[DESCRIPTION OF THE TASK] Verbatim repeat, images excluded. Give each entry again as written.
══ DATA FOR ANALYSIS
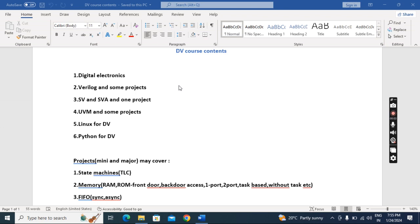Those concepts will be coded in Verilog. In the Verilog module we'll do some projects also with Verilog RTL and Verilog testbenches—some mini projects. Then we'll go to SystemVerilog and SystemVerilog assertions.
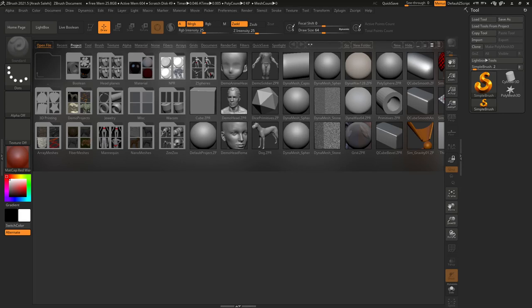ZBrush Core is good for individuals who want to do digital sculpting and use other features like texture painting at a basic level. Features not inside ZBrush Core can be accessed through other 3D packages like Blender, which is free — for example, creating an organized base mesh and doing UV layout.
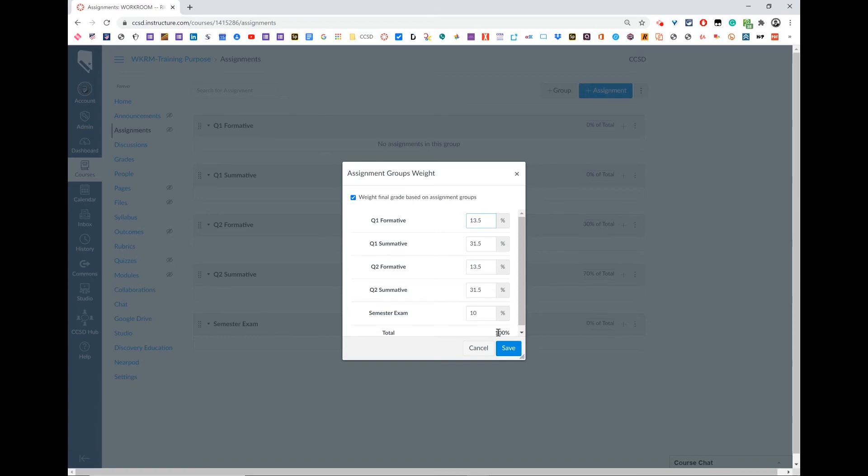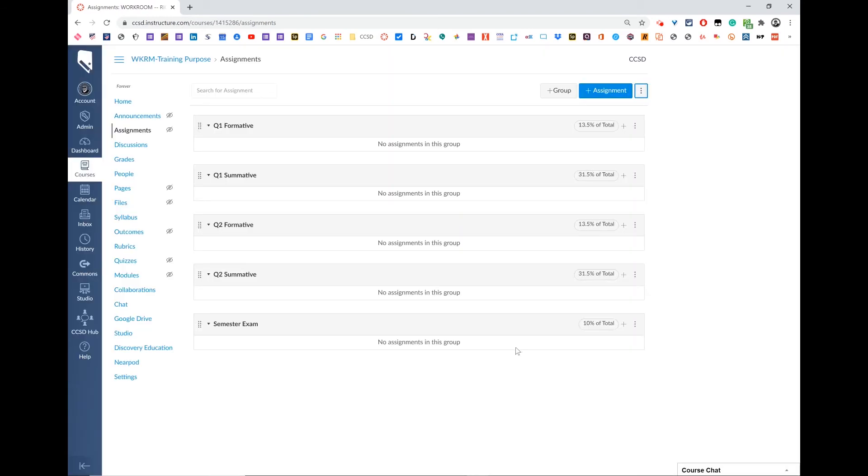Then double check to make sure that we have 100% down here at the total and press save. That is how you set up your semester grade. This is the grade that you will leave on at the end so that anytime a student goes back in and looks at their grade, they can see their final course grade in Canvas.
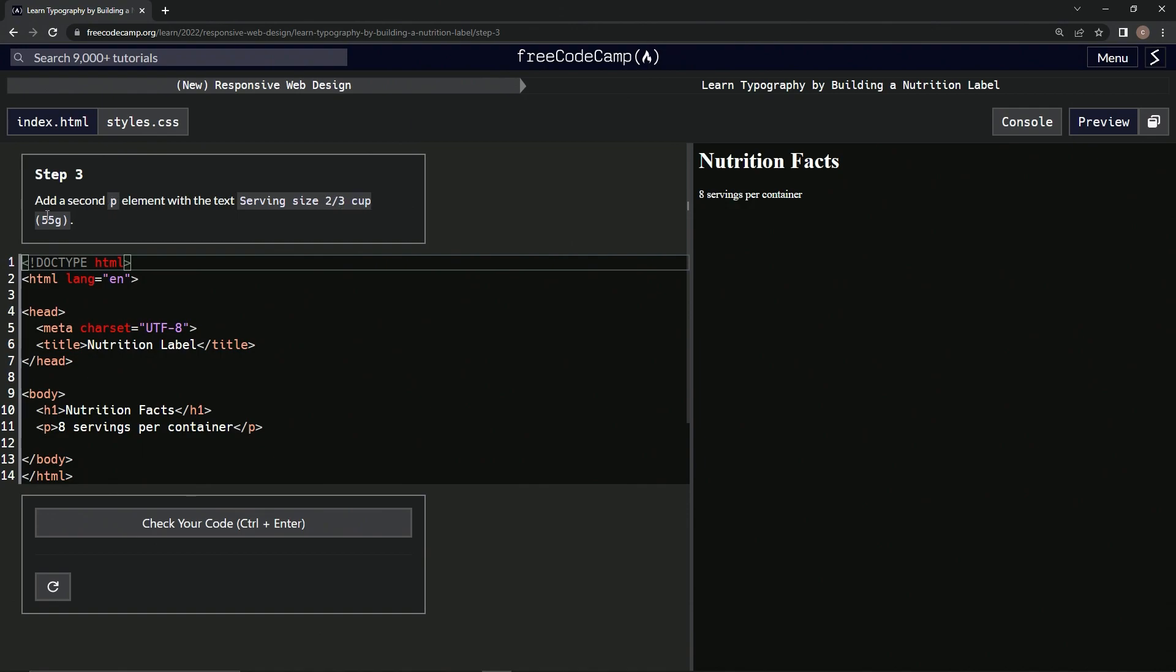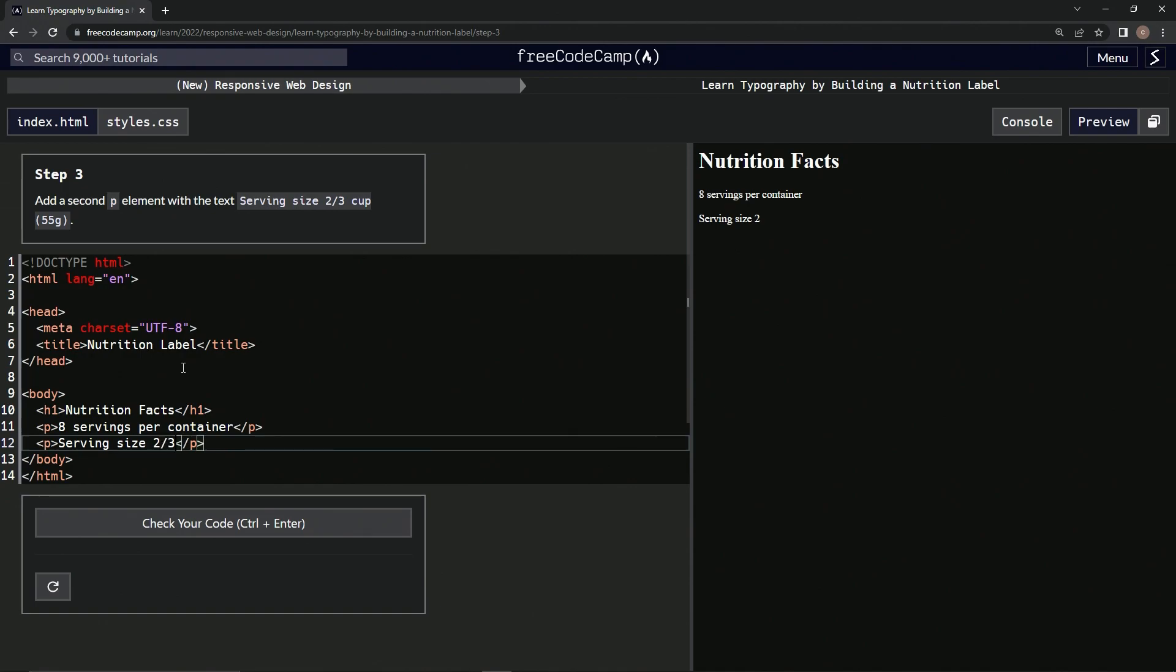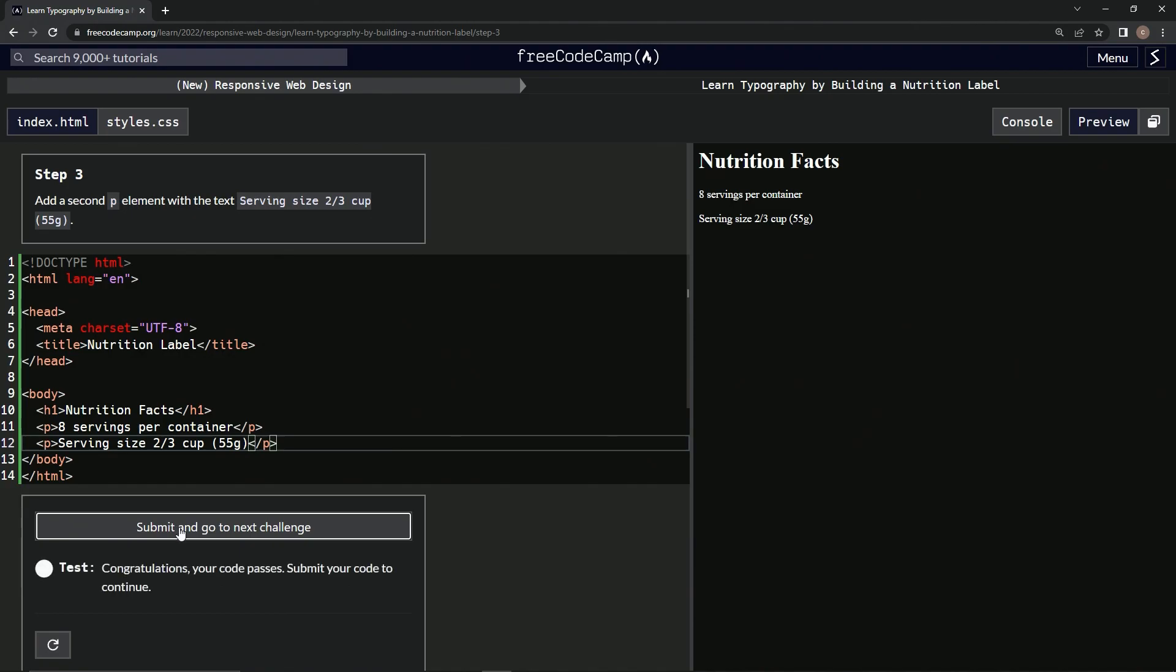55 grams. All right, it's right here. We'll do another p. All right, and a closed p, and inside here we're gonna have serving size two thirds cup 55g. All right, let's check it. Looks good and submit it.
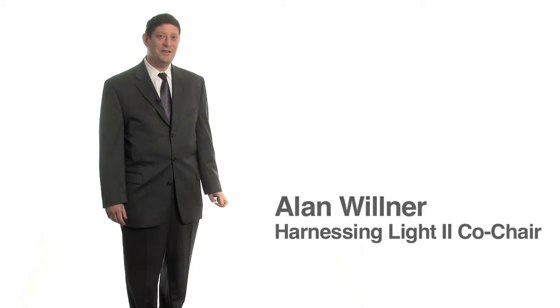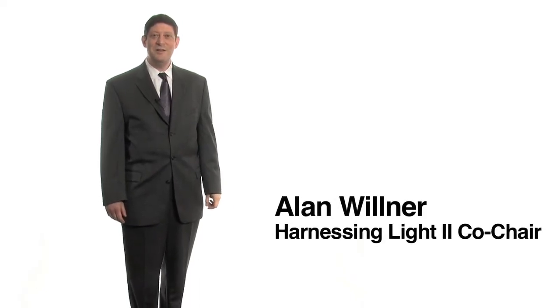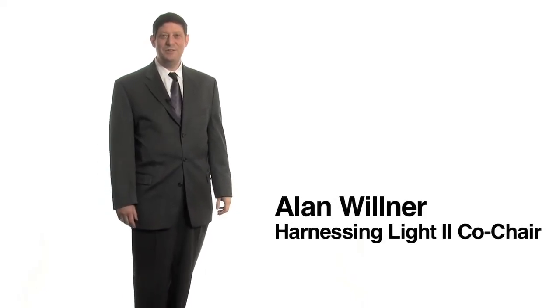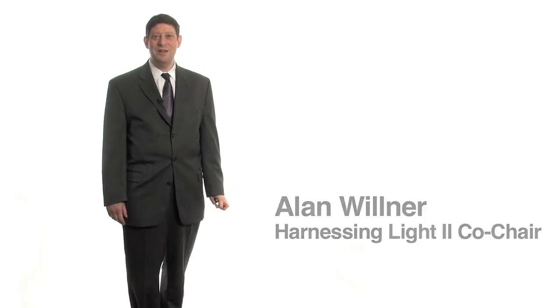My name is Alan Wilner. I'm a professor at the University of Southern California. My own work is in optical communications and I was a co-chair on the Optics and Photonics study.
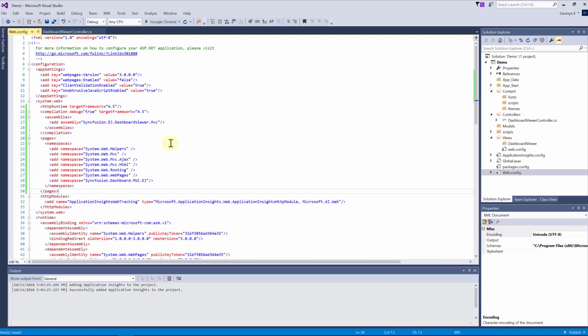In the web.config file which is under the views folder, add namespace information under the system.web.webpages.razor section.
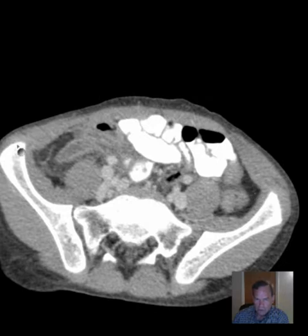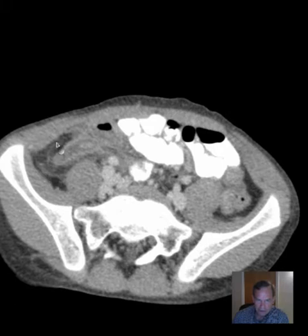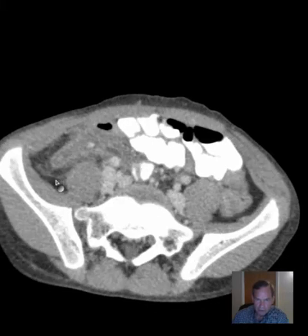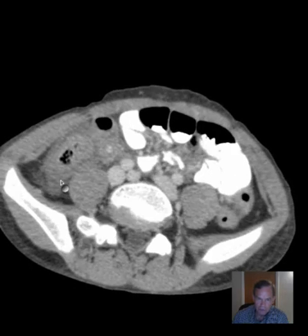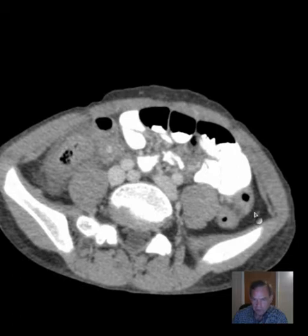Look over here and notice that contrast — this is what we're looking for. This finding of this line here, these little tiny linear opacities, this is what we look for when we think we might have an inflammatory process. Here again, that asymmetry of this indistinct appearance of the fat adjacent to the lower right colon in contrast to what we're seeing on the contralateral side.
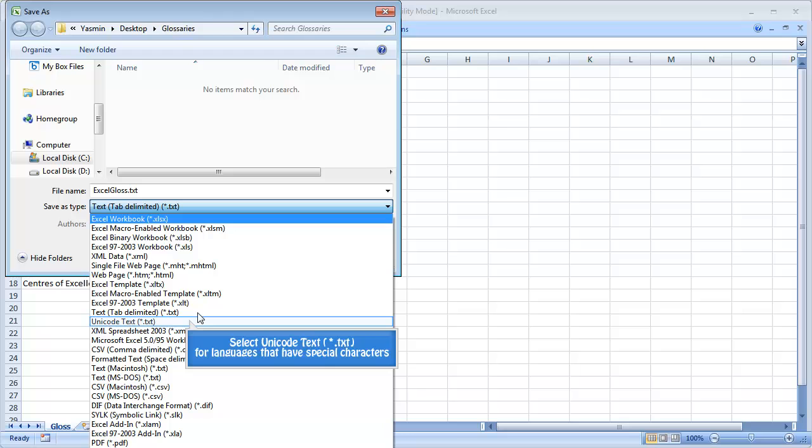For some languages, it's recommended to select Unicode Text instead.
════
[THE ANSWER]
Those concepts will be coded in Verilog. In the Verilog module we'll do some projects also with Verilog RTL and Verilog testbenches—some mini projects. Then we'll go to SystemVerilog and SystemVerilog assertions.
ZBrush Core is good for individuals who want to do digital sculpting and use other features like texture painting at a basic level. Features not inside ZBrush Core can be accessed through other 3D packages like Blender, which is free — for example, creating an organized base mesh and doing UV layout.
Then double check to make sure that we have 100% down here at the total and press save. That is how you set up your semester grade. This is the grade that you will leave on at the end so that anytime a student goes back in and looks at their grade, they can see their final course grade in Canvas.
55 grams. All right, it's right here. We'll do another p. All right, and a closed p, and inside here we're gonna have serving size two thirds cup 55g. All right, let's check it. Looks good and submit it.
My name is Alan Wilner. I'm a professor at the University of Southern California. My own work is in optical communications and I was a co-chair on the Optics and Photonics study.
In the web.config file which is under the views folder, add namespace information under the system.web.webpages.razor section.
Look over here and notice that contrast — this is what we're looking for. This finding of this line here, these little tiny linear opacities, this is what we look for when we think we might have an inflammatory process. Here again, that asymmetry of this indistinct appearance of the fat adjacent to the lower right colon in contrast to what we're seeing on the contralateral side.
For some languages, it's recommended to select Unicode Text instead.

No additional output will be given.